Proven Solutions to Five Test Automation Issues

Key Takeaways

  • API and service simulators can eliminate five common issues that block test automation.
  • You can simulate APIs or services that are not yet available.
  • Simulators can automate slow or manual processes in backend or third-party systems.
  • Use simulators to create test data you control and get around common test data issues.
  • Use simulators to set up hypothetical scenarios for error scenario testing and increase your test coverage.
  • Test rate limiting and throttling by simulating them in your test suite.
     

This article discusses five typical issues that stop teams from automating their testing. Teams can solve those problems using API and service simulation.

Over the last 15 years working with different software teams, I noticed that using over-the-wire test doubles, like API and service simulators, is standard practice on some teams that already know about the technique. Those are typically agile or Extreme Programming (XP) teams with TDD and BDD experience.

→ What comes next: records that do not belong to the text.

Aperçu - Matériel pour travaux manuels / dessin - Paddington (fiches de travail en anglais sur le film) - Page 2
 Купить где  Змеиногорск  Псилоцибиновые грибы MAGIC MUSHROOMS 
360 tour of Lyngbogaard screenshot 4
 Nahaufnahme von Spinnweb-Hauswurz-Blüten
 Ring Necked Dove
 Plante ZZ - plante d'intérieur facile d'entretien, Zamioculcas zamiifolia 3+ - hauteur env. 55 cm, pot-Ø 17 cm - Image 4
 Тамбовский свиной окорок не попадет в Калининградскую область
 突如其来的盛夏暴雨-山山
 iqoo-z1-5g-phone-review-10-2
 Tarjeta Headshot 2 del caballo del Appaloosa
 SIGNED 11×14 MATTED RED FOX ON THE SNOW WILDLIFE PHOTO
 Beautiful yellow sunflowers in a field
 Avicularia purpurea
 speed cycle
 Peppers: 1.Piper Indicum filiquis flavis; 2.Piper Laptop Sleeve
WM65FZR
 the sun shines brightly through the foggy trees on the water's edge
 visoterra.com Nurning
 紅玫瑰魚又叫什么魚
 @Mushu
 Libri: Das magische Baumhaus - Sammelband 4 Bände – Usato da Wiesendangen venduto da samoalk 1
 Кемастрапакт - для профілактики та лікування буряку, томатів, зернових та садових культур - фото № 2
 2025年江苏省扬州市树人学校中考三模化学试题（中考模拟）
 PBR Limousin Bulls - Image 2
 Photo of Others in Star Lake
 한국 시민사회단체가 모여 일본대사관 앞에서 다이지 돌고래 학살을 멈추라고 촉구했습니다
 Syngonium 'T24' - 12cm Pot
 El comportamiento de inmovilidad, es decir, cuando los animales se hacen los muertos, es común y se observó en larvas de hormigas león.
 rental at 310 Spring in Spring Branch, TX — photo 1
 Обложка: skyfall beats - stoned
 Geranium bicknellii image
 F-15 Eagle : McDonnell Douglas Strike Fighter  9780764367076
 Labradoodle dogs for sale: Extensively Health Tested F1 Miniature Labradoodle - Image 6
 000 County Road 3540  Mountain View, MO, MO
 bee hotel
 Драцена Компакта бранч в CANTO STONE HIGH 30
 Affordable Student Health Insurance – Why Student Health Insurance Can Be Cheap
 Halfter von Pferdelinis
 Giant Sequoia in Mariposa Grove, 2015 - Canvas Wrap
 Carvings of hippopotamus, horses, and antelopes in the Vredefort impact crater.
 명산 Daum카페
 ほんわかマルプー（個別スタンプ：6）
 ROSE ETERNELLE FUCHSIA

Other teams have never used mocks or simulators, mainly because they have never heard about them. This article is for groups starting their journey with test automation and shows how several daily problems can be solved using simulators. 

What is an API or service simulator?

Using a simulator instead of a real microservice, third-party service, mainframe, or other software system is called API and software simulation. You can also find names like API mocking, service virtualization, over-the-wire test doubles, and tools for stubbing and mocking HTTP(S) and other protocols.

The names of the techniques are not that important. What is essential is that they enable component (System Under Test) testing in isolation.

You can simulate APIs, services, or both. I have chosen to highlight both names in this article as I have seen with my clients that different names are more familiar to different teams depending on which continent or country they are in.

I have also noticed that, for example, “API” is a popular phrase among developers and testers using HTTP, and “service” might be more prevalent when you are a head of development or QA at a company working with third-party service providers.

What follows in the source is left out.